One test case failed because an element was no longer present on the page. Its XPath looked like this: contains(text(), 'deep') — and the AI latched onto the ,' inside the expression, treating it as a syntax error (considering it as semi-colon ;). It confidently reported an incorrect XPath as the root cause, when in reality the element had simply disappeared from the UI. That's a subtle but significant misread — and I had no way of knowing how many similar ones slipped through undetected.

CHALLENGE 03

Token cost is a real constraint nobody talks about

While everyone pitches AI adoption, very few people ask: how many tokens are we actually burning? Feeding the AI the entire dataset to produce a report might give richer output — but at what cost? Not every step of a pipeline needs to go through a model. If a piece of logic can be handled with code, running it through AI is waste, not progress.

THE QUESTIONS THIS RAISED

How much should AI actually own?

Full report generation, or just a structured payload that our own template consumes? The naive path is to let AI do everything — but that's exactly where inconsistency and runaway token usage creep in.

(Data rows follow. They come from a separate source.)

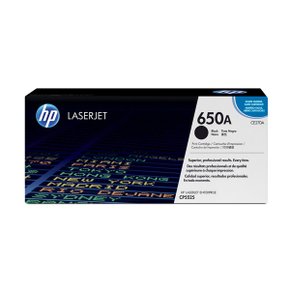 HP 650A (CE270A) 정품 토너 검정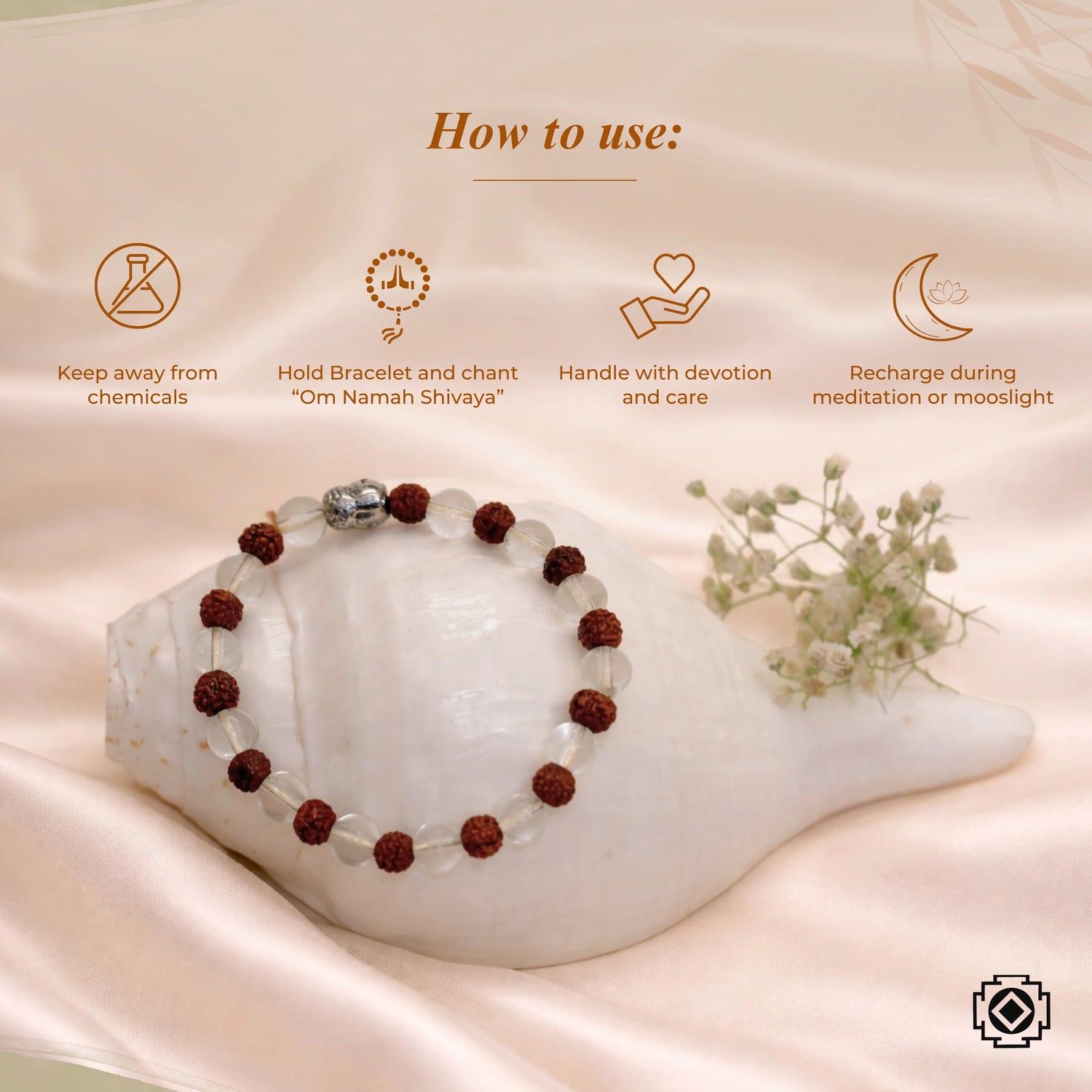 Rudraksha Sphatik Bracelet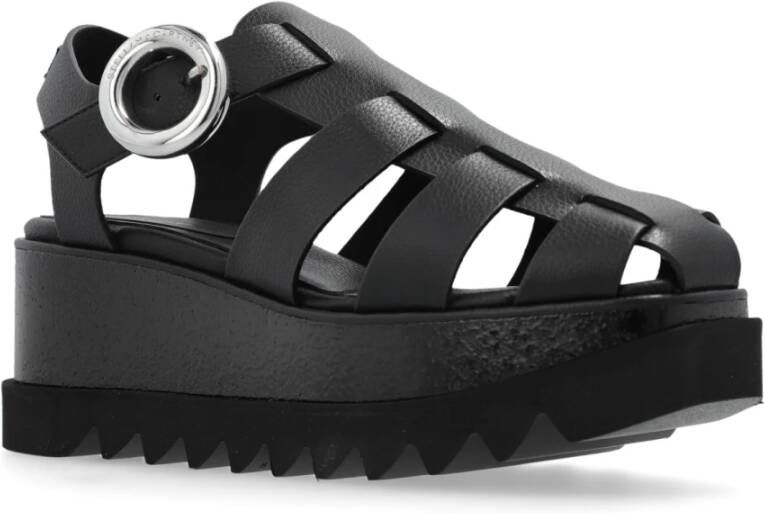 Stella Mccartney Elyse Sleehak Sandalen Black Dames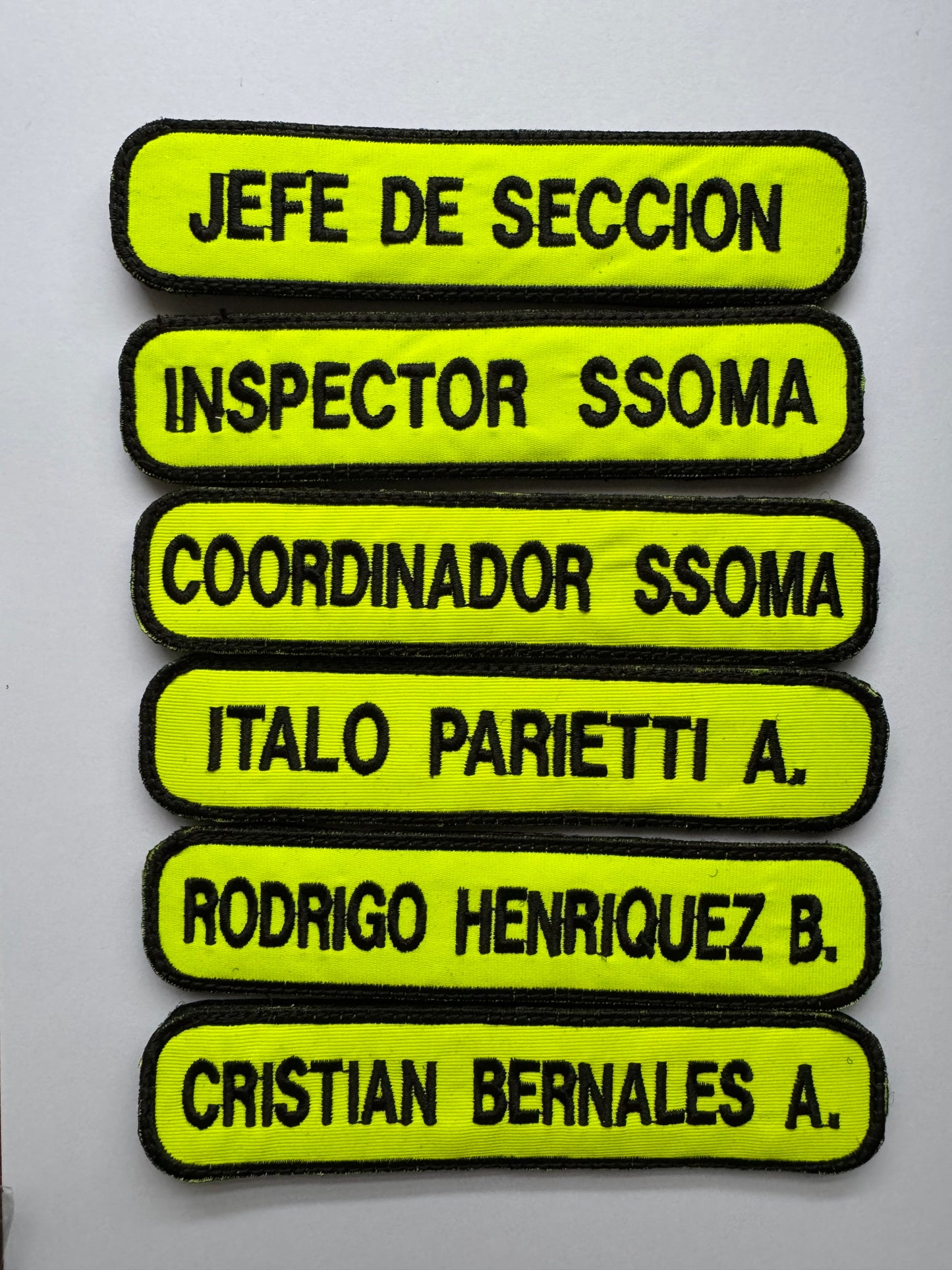 Parche bordado para chaleco de geólogo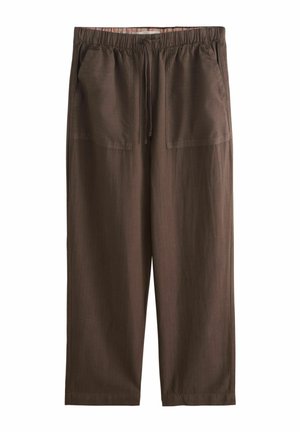 Next, Housut - chocolate brown stripe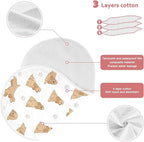 1 Pack Muslin Burp Cloths American Cocker Dog White Cotton Baby Burp Cloths Ultra Absorbent Burping Cloth Soft Spit Up Rags for Baby Boys Girls 22x11 Inch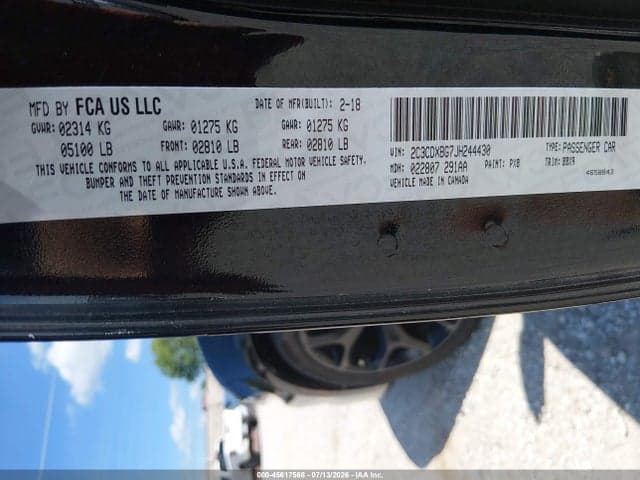 2018 DODGE CHARGER SXT RWD 9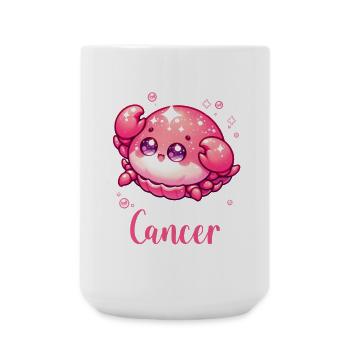 Sweet Cancer Zodiac Astrology Gift - Large Mug 440 ml - white - Front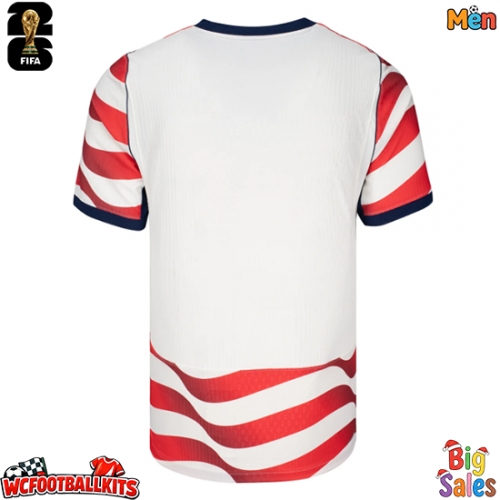United States Replica Home Stadium Shirt World Cup 2026 Short Sleeve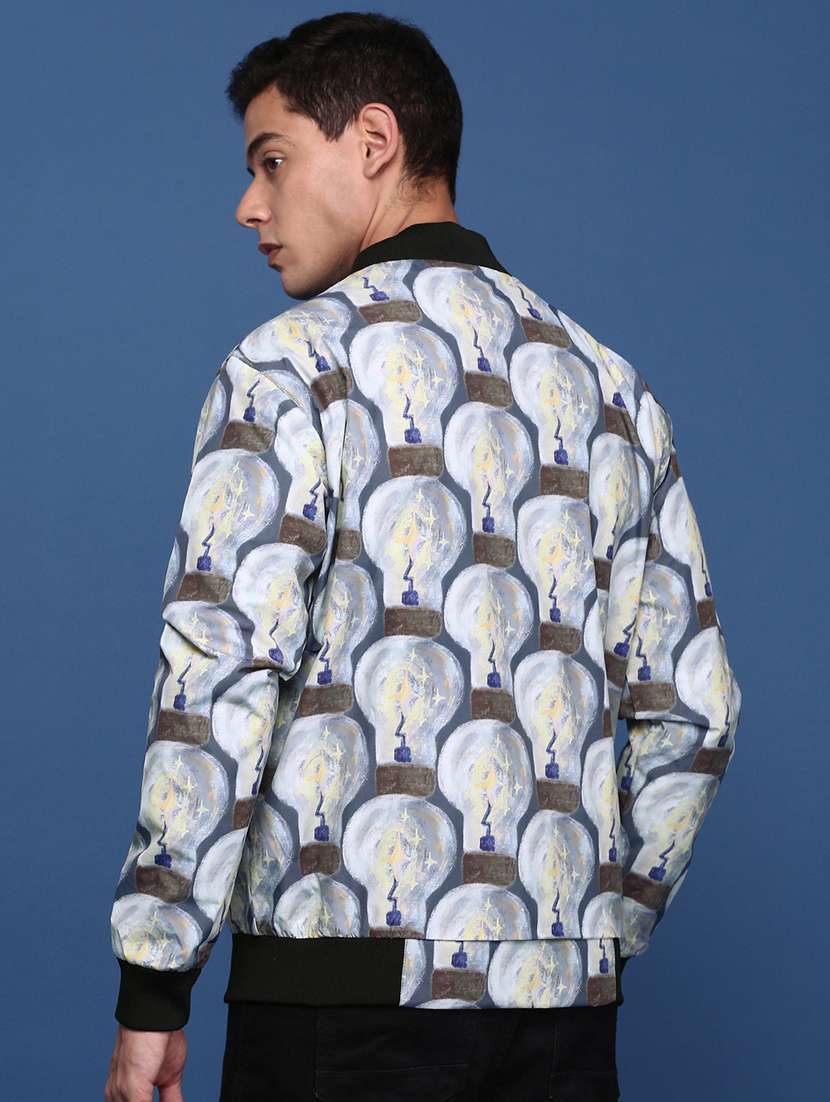 men printed bomber jacket - 21463277 -  Standard Image - 2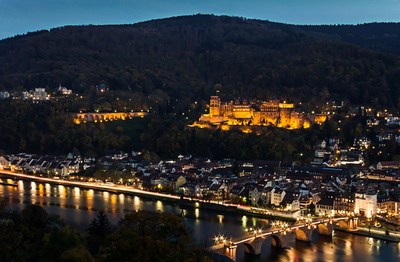 Heidelberg  zur blauen Stunde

Is a detailed prompt ever enough?

Instructions, constraints, data, format spec — and still the AI misses a rule sometimes. At what point do we stop tuning the prompt and go back to code? There's no guarantee a prompt can provide.

The more I constrained the prompt, the more I was essentially writing code — but in natural language, with no compiler to catch mistakes and no guarantee of consistent output.

THE BOAT ANALOGY

Here's the best way I can describe where we are right now with AI in engineering workflows:

We're trying to cross a river in a massive, expensive ship — one we're still on a trial license for. Meanwhile, we have a perfectly good small boat of our own. The question isn't whether the ship is impressive. The question is: do we actually need it for this crossing? And more importantly — could we use what we learn from the ship to make our own boat better, rather than becoming dependent on it entirely?

Token cost is the fare for that ship. Every large context window, every full dataset you pass in — that's money and latency you're spending. When AI is genuinely doing something your code can't, the fare is worth it. When AI is just formatting data a template could handle in milliseconds, you're paying ship prices for a rowboat job.

WHAT I ACTUALLY BUILT:

I stopped asking AI to do the whole job. Instead, I took back control — deliberately and specifically.

First, I narrowed the input. Instead of passing the entire test run to the model, I filtered down to only the failed test cases. That single change significantly reduced token consumption and, crucially, reduced the surface area for hallucination. Less noise in means fewer wrong inferences out.

Second, I stopped asking AI to format the report. Instead, I asked it to return a structured JSON array — one object per failed test case — with a fixed schema:

FIELD	WHAT AI FILLS IN
testCaseName	The name of the failed test case
failures	What specifically failed — error, assertion, element, step
rootCauseAnalysis	AI's interpretation of why it failed. NA if not determinable.
fixes	Suggested code or config changes to resolve the failure. NA if not applicable.
suggestions	Broader improvements — test coverage, stability, edge cases. NA if none.

The report structure — how it looks, how it's laid out, what gets highlighted — I designed that myself. The AI fills the fields. My code owns everything else.

WHY THIS WORKS

Consistency fixed

A fixed JSON schema means the output is predictable every run. No more formatting surprises.

Hallucination reduced

Narrower input means fewer opportunities for the model to make confident wrong inferences.

Token cost controlled

Only failed cases go to the model. Everything else stays in code where it belongs.

THE PATTERN THIS FOLLOWS

In AI engineering this is sometimes called "AI as extractor, not presenter." The model does the hard cognitive work — root cause analysis, pattern recognition, generating fix suggestions — and returns raw structured data. Your system does everything else. It's the right division of labor.

TAKEAWAY

Don't hand the whole job to the model. Identify exactly where AI earns its place — the reasoning, the interpretation, the analysis — and own everything around it yourself. Design the schema. Own the report. Control the tokens. Use the ship only for what the small boat genuinely can't do.